AHRCO disputes any conclusion that Complainant was replaced by one or more males with equal qualifications contending there is no support in the record for such an assertion. The uncontroverted evidence of record indicates that during Complainant's tenure at Second East Hills Park, beginning in September, 1978, six persons were paid as security officers at the housing development. Complainant and another individual worked approximately forty hours per week. Four other male security officers averaged twenty to thirty-two hours of duty per week. After Complainant's discharge, two employees, both male, worked approximately forty hours per week, and five employees, all male, worked approximately twenty to thirty-two hours each week. Accordingly, two males replaced Complainant after her discharge.
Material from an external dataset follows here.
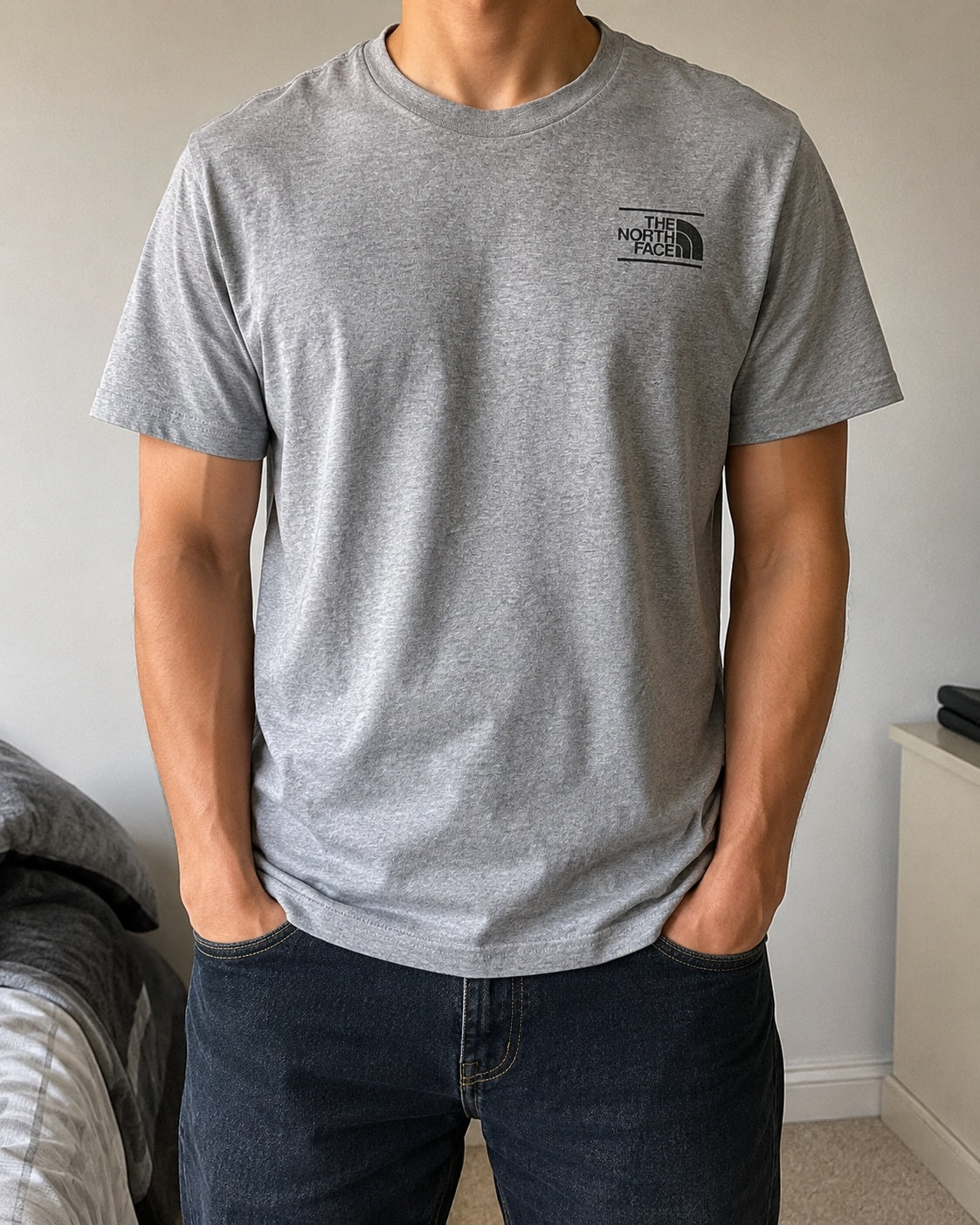 T-Shirt The North Face Grigia con Stampa (L)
Thus, the burden shifted to AHRCO to articulate a legitimate non-discriminatory reason for Complainant's discharge. AHRCO, in its brief, however, rejected any obligation to do so. The HRC in its adopted opinion, listed and disposed of three allegedly non-discriminatory reasons offered for Complainant's discharge at the hearing.*fn6 In response to AHRCO's assertion that it was compelled to discharge Complainant
[ 88 Pa. Commw. Page 451]
from her position as Security Manager because there was no such position under the rules and regulations provided to AHRCO by the Federal Department of Housing and Urban Development, the HRC stated that such explanation ignores the plain language of Complainant's letter of termination which advised she was being terminated from the position of Security Manager and was mere pretext. Similarly, it rejected AHRCO's assertion that the "realignment" which it offered as explanation to Complainant in its letter to her informing her of her discharge was prompted by economic necessity as the "realignment" resulted in more rather than fewer security officers working at Second East Hills Park. Finally, it rejected, also as pretext, AHRCO's assertion that it was obligated to discharge Complainant because she was not a member of Certified Police Unit 644 (CPU 644) with whom AHRCO allegedly had an exclusive "hiring hall" arrangement with regard to its security staff. The HRC found as fact that Complainant had never been informed, either prior or subsequent to hire that membership in CPU 644 was a condition of employment and that, if, indeed, there was such an exclusive relationship, no documentary evidence to support the assertion had been produced.
AHRCO argues that the HRC relied upon incompetent hearsay evidence when it determined AHRCO violated Section 5 of the Act.*fn7 We are not persuaded by AHRCO's argument for the very reason that the alleged hearsay evidence went to the issue of intent to discriminate and AHRCO's failure to articulate a legitimate non-discriminatory motive for discharging
[ 88 Pa. Commw. Page 452]
Complainant obviated the need for Complainant to proceed with the ultimate burden of proving AHRCO's intent to discriminate against her. Thus, the HRC was relieved from adjudicating the issue of discriminatory intent and, in the process, deciding the competence of the evidence submitted by Complainant.
We can detect no error in the proceedings before the HRC. Therefore, we will not disturb the HRC's order which is supported by substantial evidence and is in accordance with the law.
Now, March 29, 1985, the order of the Pennsylvania Human Relations Commission, docket number E-14987, dated July 5, 1983, is hereby affirmed.
Judge Williams, Jr., did not participate in the decision in this case.